Twitter Sentiment Analysis

Twitter sentiment, separated by region and candidate.

Outline


  1. Setup
  2. Stream Data
  3. Collect Data (Biden)
  4. Clean Data (Biden)
  5. Classify Data (Biden)
  6. Find Sentiment in Data (Biden)
  7. Collect Data (Trump)
  8. Clean Data (Trump)
  9. Classify Data (Trump)
  10. Find Sentiment in Data (Trump)
  11. Aggregare Sentiments
  12. A Gradient Map
  13. A Polarized Map
  14. Data Wrangling for Animations
  15. Graphing for Animations
  16. Animations

Raw code


streamtime <- 0.2 * 60 #set time out in minutes 
tweets_per_state <- 5 #number of tweets per state to be analyzed.

# Section One - Setup ----
# install.packages("textdata")
# install.packages("tidytext")
# install.packages("rtweet")
# install.packages("tidyverse")
# install.packages("plotly")
# install.packages("extrafont")
# install.packages("gganimate")
# install.packages("gifski")

library(tidyverse)
library(rtweet)
library(textdata)
library(tidytext)
library(plotly)
library(extrafont)
library(gganimate)
library(gifski)
library(readxl)
# Section Two - Stream Data ----

# no upfront-parse, save as json file
filenames <- c("stream_data_unparsed_b.json", "stream_data_raw_unparsed_t.json")
q <- c("biden", "trump")

for (i in 1:2) {
  stream_tweets(
    q = q[i],
    #is_quote = "FALSE", #could be activated for removing quotes
    parse = FALSE,
    timeout = streamtime,
    file_name = filenames[i]
  ) 
}
# Section Three - Collect Data (Biden) ----

data_b <- parse_stream(filenames[1]) #parse from json file
user_data_b <- users_data(data_b) #get metadata for users

# code below was used to check for the unique identifier to use, we see that both
# screen_name and user_id can be used going forward, user_id was chosen.

# length(unique(data_b$screen_name))
# length(unique(data_b$user_id))

# code below was used to check where location info was most available,
# either in "location" or "quoted_location".

# location_availability_1 <- user_data_b %>% 
#  select("user_id", "location")

# location_availability_2 <- data_b %>% 
#  select("user_id", "quoted_location")

# location_availability_1_na <- remove_missing(location_availability_1) 
# location_availability_2_na <- remove_missing(location_availability_2) 

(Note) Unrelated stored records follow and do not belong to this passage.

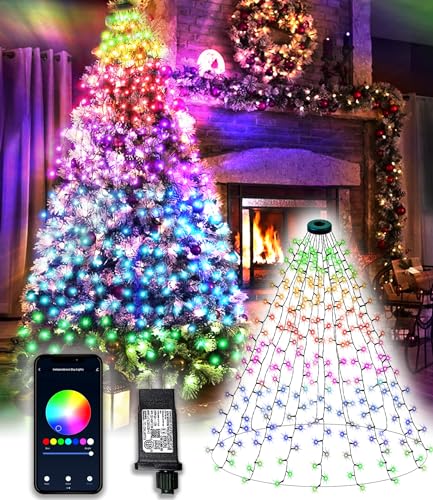 DOTWAYAW Smart Lichterkette 2M 400 LED Weihnachtsbaum - App-gesteuerte Lichter für Weihnachten mit 16 Millionen RGB Farben LED-Lichtern von DOTWAYAW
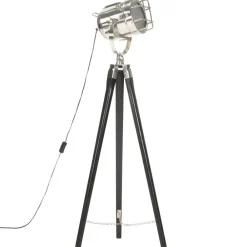 vidaXL Iluminación-Lámpara de suelo con trípode madera maciza de mango 97 cm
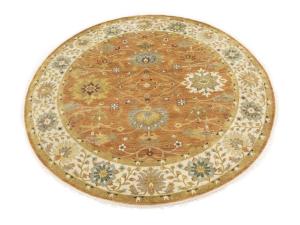 Rust Orange Floral 8X8 Chobi Oriental Round Rug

# retained_location_data_1 <- count(location_availability_1_na)/count(location_availability_1) #retains ~58% for location info not equal to N/A
# retained_location_data_2 <- count(location_availability_2_na)/count(location_availability_2) #retains ~23% for location info not equal to N/A

# merge tibbles to have a unified one with all variables
user_data_b <- user_data_b %>% 
  distinct(user_id, .keep_all = TRUE)

data_b <- data_b %>% 
  distinct(user_id, .keep_all = TRUE)

data_b <- inner_join(x=user_data_b, y=data_b, by=c("user_id" = "user_id")) %>% 
  select("user_id", "location.x", "text", "lang") %>%
  rename(location = "location.x") %>% 
  filter(lang %in% c("en", "und")) %>% #only tweets in english 
  remove_missing() #only complete observations

# Section Four - Clean Data (Biden) ----

# clean location vector
location_vector_b <- pull(data_b, location)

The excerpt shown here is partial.